En contra de la creencia común lo más consumido no son las salchichas sino el pollo asado. El cocinero de nuestra carpa nos comentaba que servían unos 5000 pollos al día. Justo allí, entre todas esas toneladas de carne asada y miles de señores alemanes ebrios coreando Pretty woman estaba también sentado yo, mirando desafiante la jarra de un litro de cerveza a la que tenía que enfrentarme. Hice un pequeño truco que leí en un libro de introducción a la programación neurolingüística. Pensé en todo lo que nos había contado Ulrich, el maestro cervecero, y en lo bien que olía aquel tarro lleno de lúpulo prensado. Me esforcé en asociar el recuerdo del olor con la bebida. Me autoconvencí de que aquello no era cerveza sino un sabroso zumo de cereales alemán con gas.
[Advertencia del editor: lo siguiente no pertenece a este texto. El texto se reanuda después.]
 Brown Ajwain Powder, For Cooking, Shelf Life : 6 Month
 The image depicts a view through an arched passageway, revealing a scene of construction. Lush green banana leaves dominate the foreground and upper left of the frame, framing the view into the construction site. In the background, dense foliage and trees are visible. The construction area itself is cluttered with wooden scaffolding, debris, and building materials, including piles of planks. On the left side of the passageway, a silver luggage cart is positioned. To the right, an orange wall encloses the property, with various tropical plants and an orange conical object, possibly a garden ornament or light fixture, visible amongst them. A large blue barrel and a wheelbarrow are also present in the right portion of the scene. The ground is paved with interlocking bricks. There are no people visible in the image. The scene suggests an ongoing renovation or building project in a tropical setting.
Algo totalmente distinto a todo lo que había probado antes. Agarré la pesada jarra y bebí... No puedo decir que me gustara pero al menos pude beber sin sentir nauseas. Todo un avance. Era una cerveza mucho más suave y menos amarga que la de España. Aún teniendo seis grados casi no parecía que tuviera alcohol, y pese a mi resfriado podía detectar un pequeño matiz dulzón del que creo que carecen las pocas cervezas españolas en las que me he atrevido a mojar los labios. Pero vamos, tampoco me las voy a dar ahora de sumiller. No tengo ni puñetera idea de cerveza, simplemente aguanté la respiración y seguí adelante. Acompañé con un poco de chucrut, un trozo de salchica, y volví a beber. Cada vez me resultaba menos desagradable. Logré llegar a beber medio litro a ritmo de tragos de pajarito, todo un récord personal para mí, y por unas horas pude sentirme un bávaro más, brindando y engullendo esas riquísimas albóndigas de patata y pan. Ni yo mismo me lo creía.

¿Puedo decir que ya me gusta la cerveza? Tampoco nos pasemos. No he llegado tan lejos, pero sí he logrado aumentar mi tolerancia hacia ella y aprendido a admirar toda la cultura y el trabajo que la rodea. Aún asi creo que sólo en un sitio tan peculiar como el Oktoberfest, acompañado de la superfuerza de Bavaria, podría volver a repetir una pequeña hazaña como ésta.

Lo que pasa en Baviera se queda en Baviera.